_What the exercise asks:_ Could you output each line below precisely as it stands, without the images?

= = = =

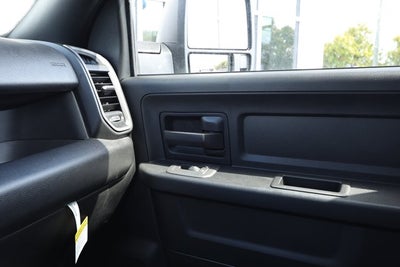 2027 RAM Ram 2500 RAM 2500 BLACK EXPRESS CREW CAB 4X2 6'4' BOX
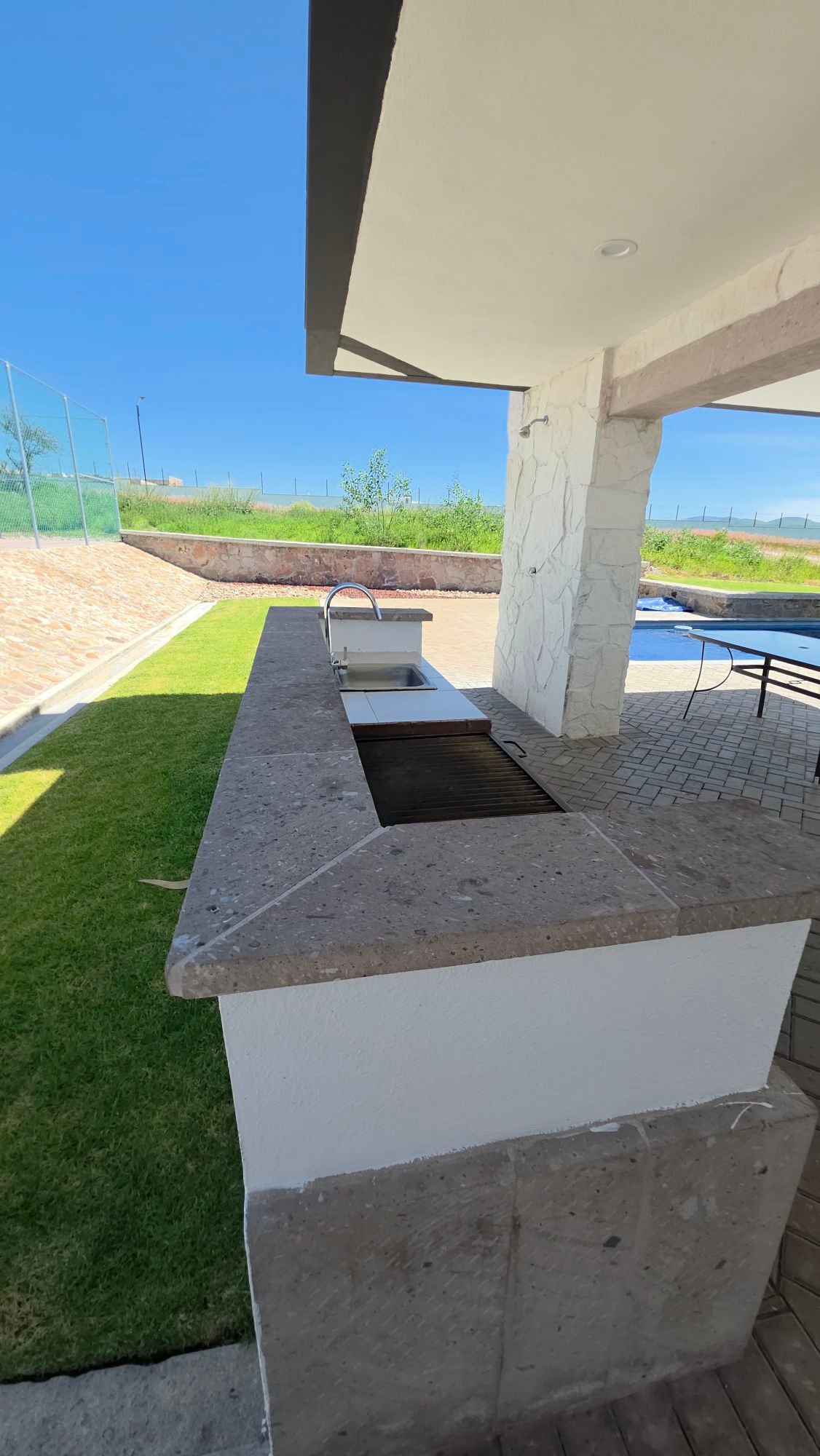Area de asadores y barra en Casa Club Ciudad Maderas Leon terreno en venta Huizache Torresa Inmobiliaria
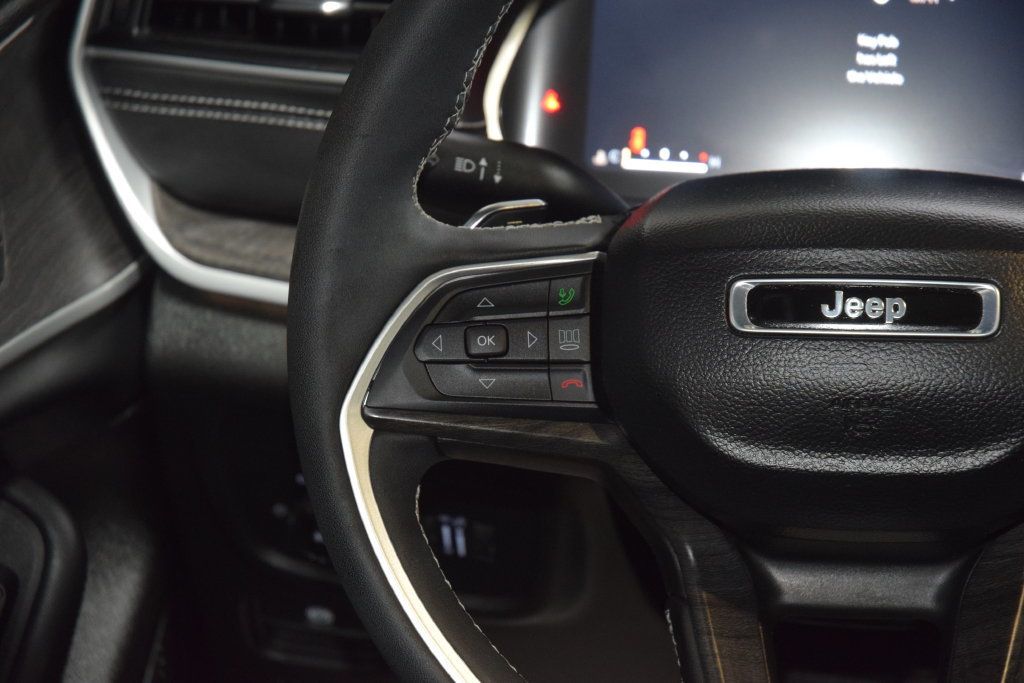 2025 Jeep Grand Cherokee L Limited 4x4 - 23082731 - 37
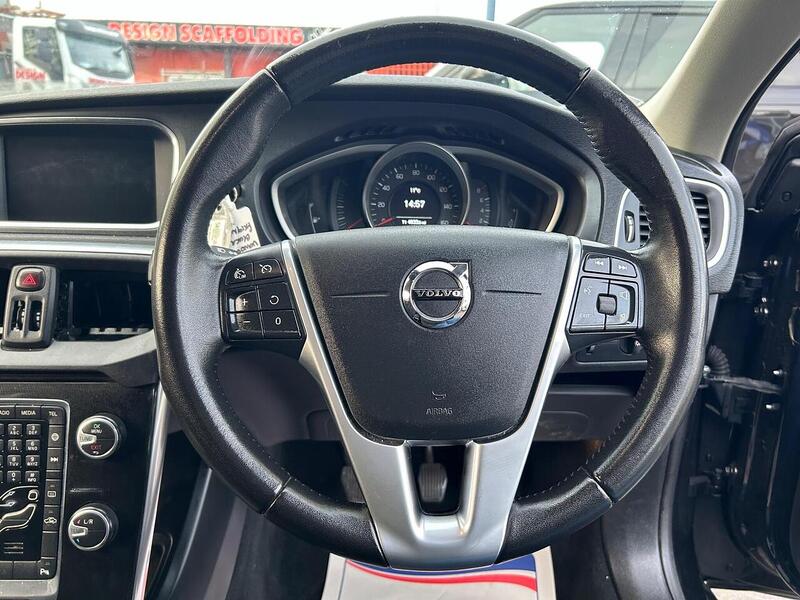 Used Volvo V40 2019 for sale - 76712147: Photo 32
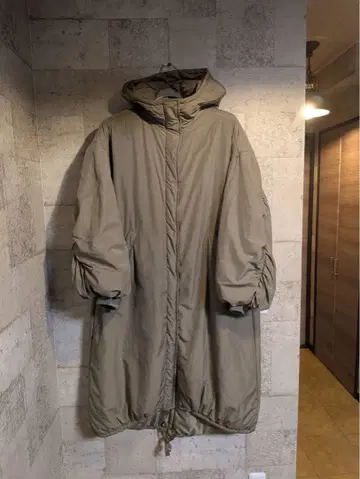 JEANASIS 카키 롱 다운 자켓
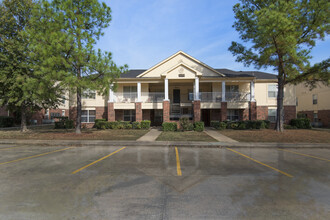 The Links at Sherwood in Sherwood, AR - Foto de edificio - Building Photo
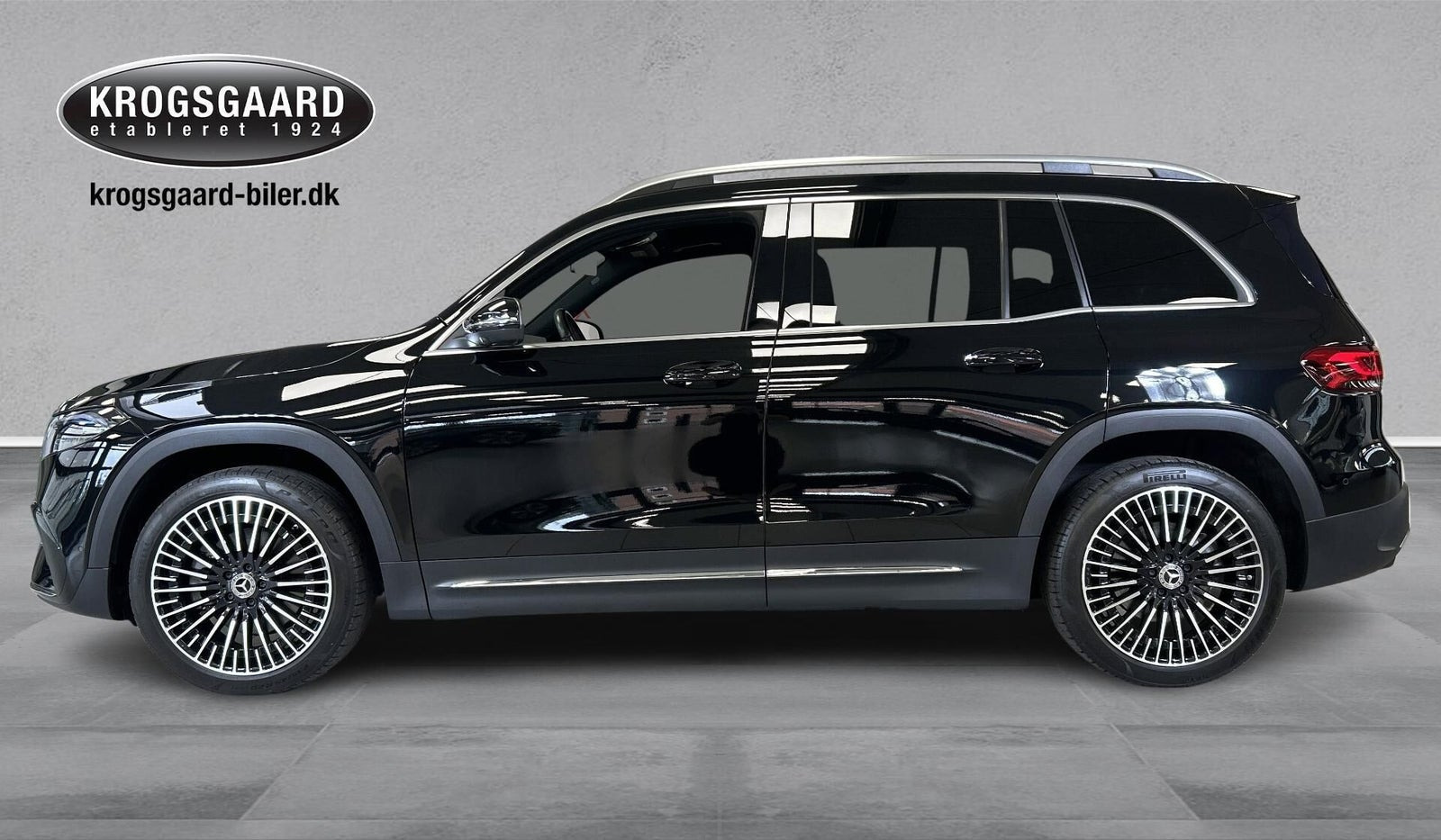 Sort Mercedes EQB250 fra 2023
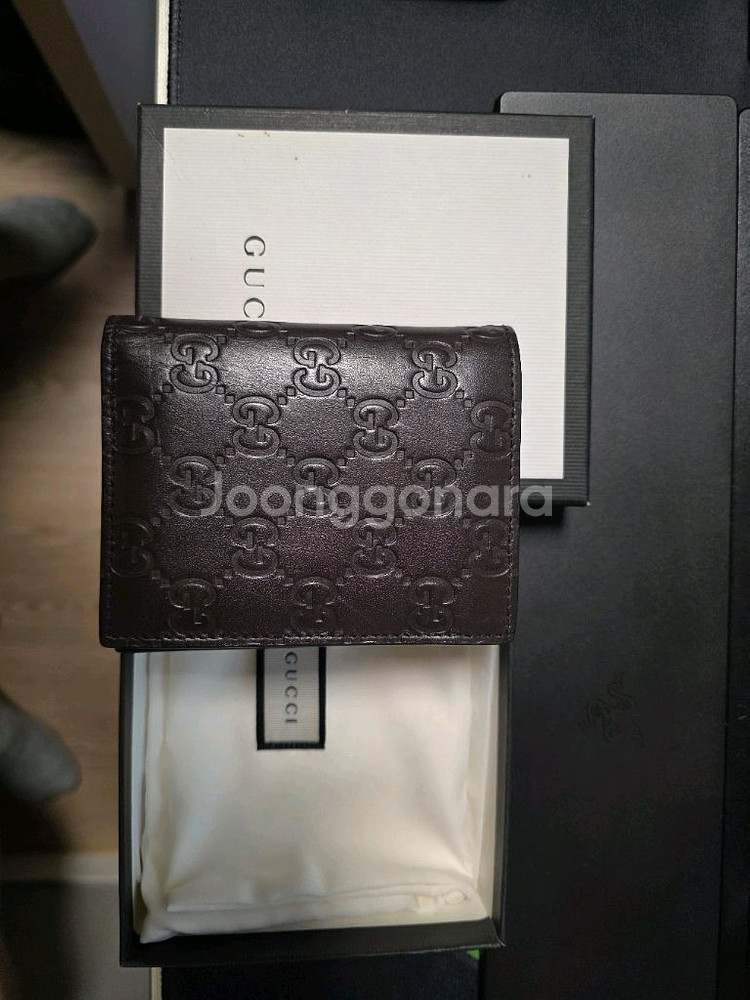 구찌 정품 남성반지갑 팝니다--0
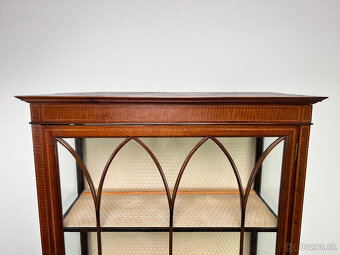 Elegantná štíhla vitrínka - 5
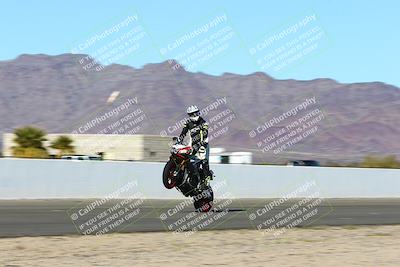 media/Jan-09-2022-SoCal Trackdays (Sun) [[2b1fec8404]]/Front Straight Speed Shots (1pm)/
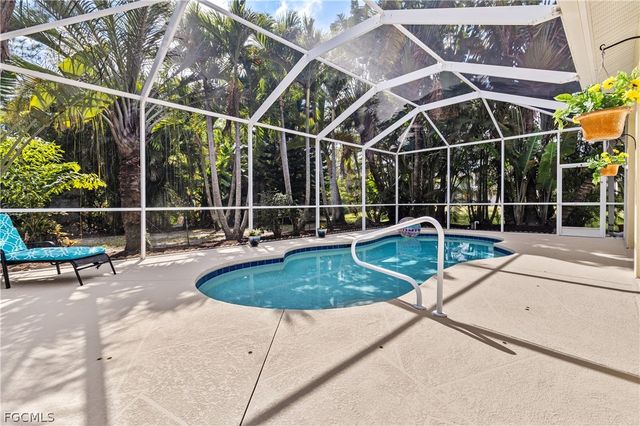 12426 Pebble Stone CT, Fort Myers, FL 33913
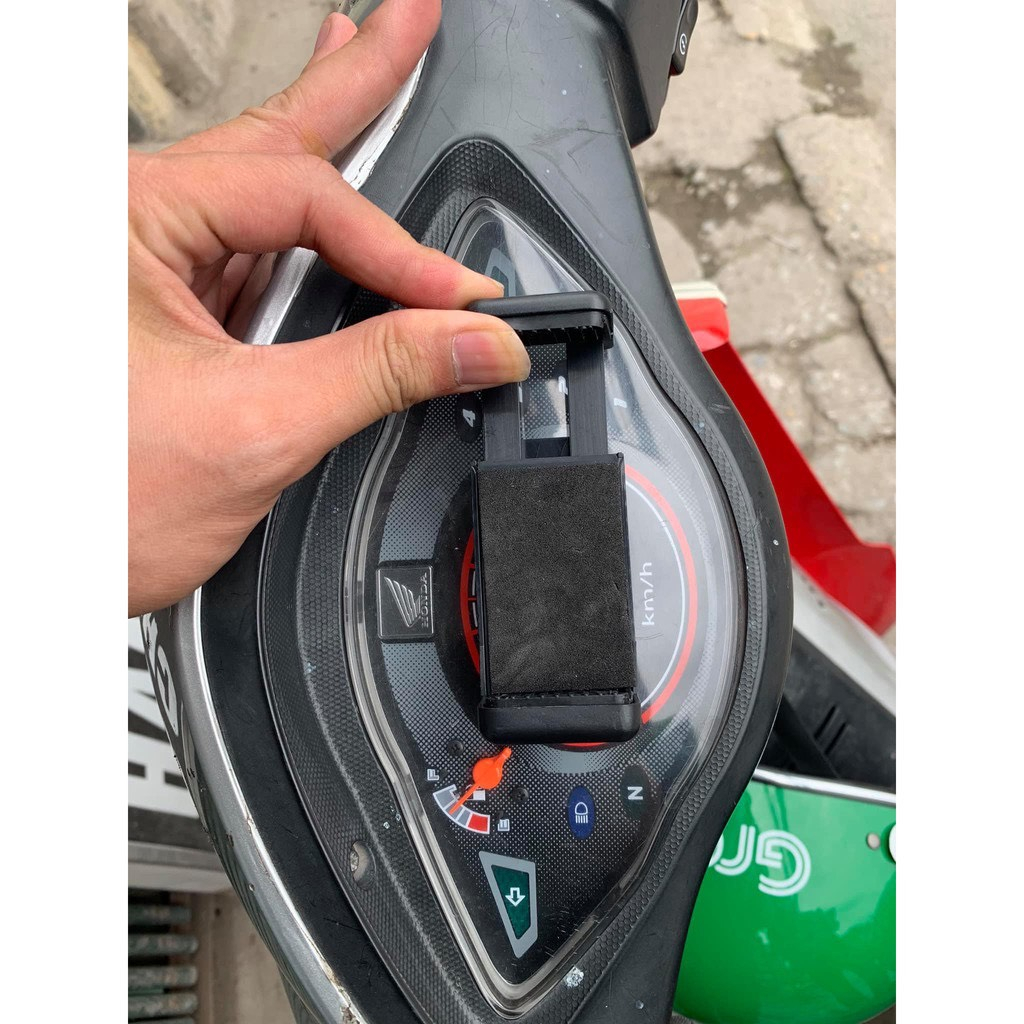 Kẹp Điện Thoại Gắn Đầu Xe Máy Đã Bao Gồm Miếng Dán Siêu Chắc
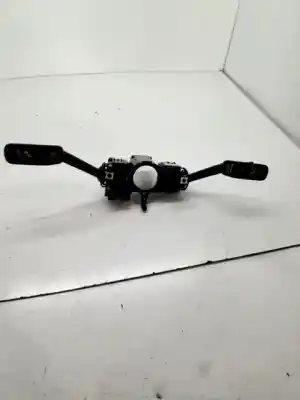 Peça sobressalente para automóvel em segunda mão comandos de alavanca por skoda rapid (nh) cxma referências oem iam 6c0953513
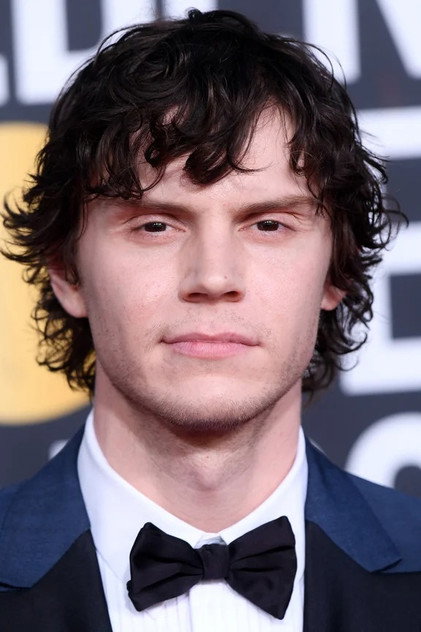 Evan Peters - 12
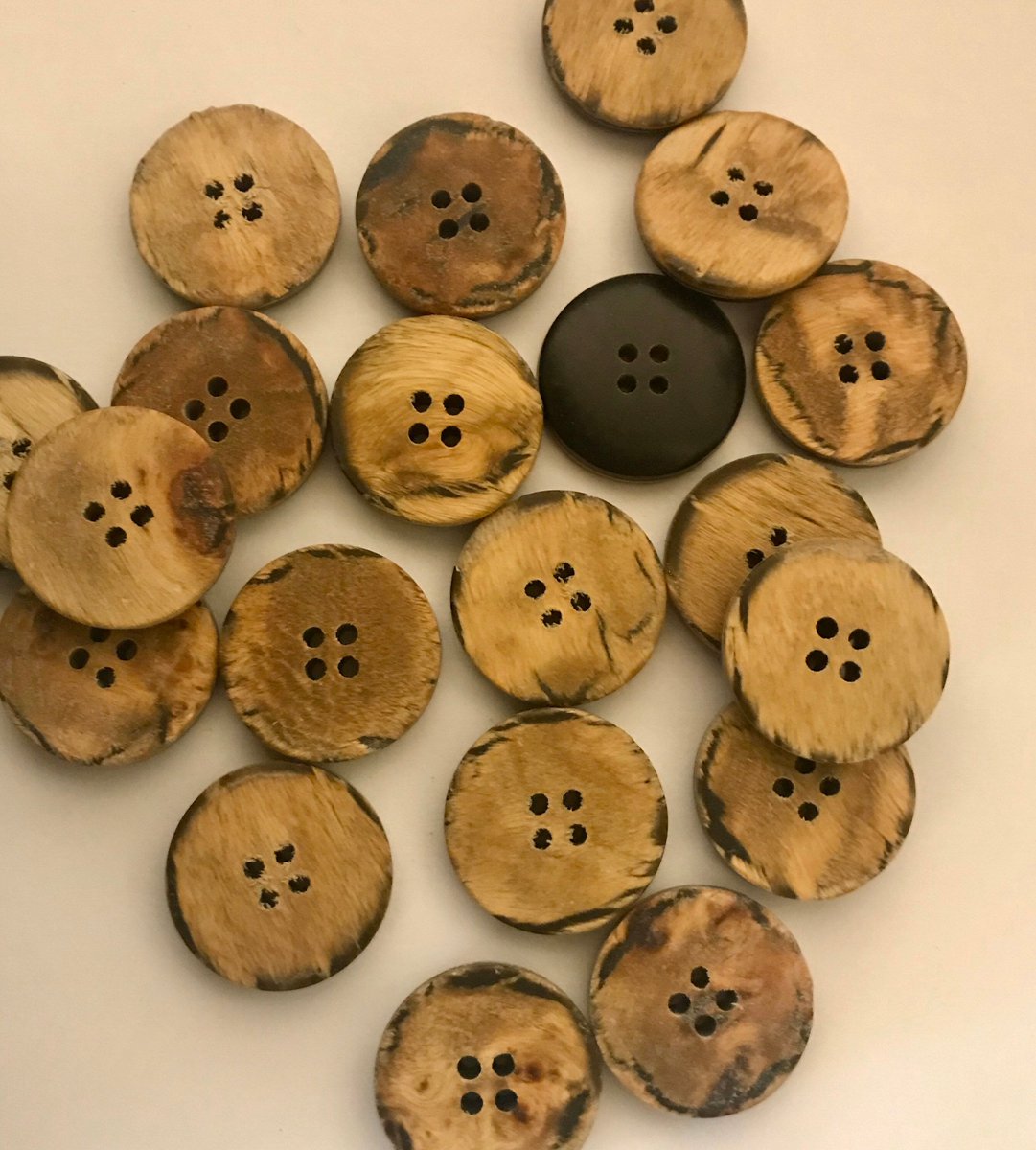 20 Vintage 23mm round 4 holes  wood buttons lot of 20 by BySupply tuppu.net/15feb3c3 #bysupply #Etsy #23mmButtons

= = = =

_Result for this exercise:_
 2027 RAM Ram 2500 RAM 2500 BLACK EXPRESS CREW CAB 4X2 6'4' BOX
Area de asadores y barra en Casa Club Ciudad Maderas Leon terreno en venta Huizache Torresa Inmobiliaria
 2025 Jeep Grand Cherokee L Limited 4x4 - 23082731 - 37
 Used Volvo V40 2019 for sale - 76712147: Photo 32
 JEANASIS 카키 롱 다운 자켓
 The Links at Sherwood in Sherwood, AR - Foto de edificio - Building Photo
 Sort Mercedes EQB250 fra 2023
 구찌 정품 남성반지갑 팝니다--0
 Elegantná štíhla vitrínka - 5
 media/Jan-09-2022-SoCal Trackdays (Sun) [[2b1fec8404]]/Front Straight Speed Shots (1pm)/
 12426 Pebble Stone CT, Fort Myers, FL 33913
 Kẹp Điện Thoại Gắn Đầu Xe Máy Đã Bao Gồm Miếng Dán Siêu Chắc
 Peça sobressalente para automóvel em segunda mão comandos de alavanca por skoda rapid (nh) cxma referências oem iam 6c0953513
 Evan Peters - 12
 20 Vintage 23mm round 4 holes  wood buttons lot of 20 by BySupply tuppu.net/15feb3c3 #bysupply #Etsy #23mmButtons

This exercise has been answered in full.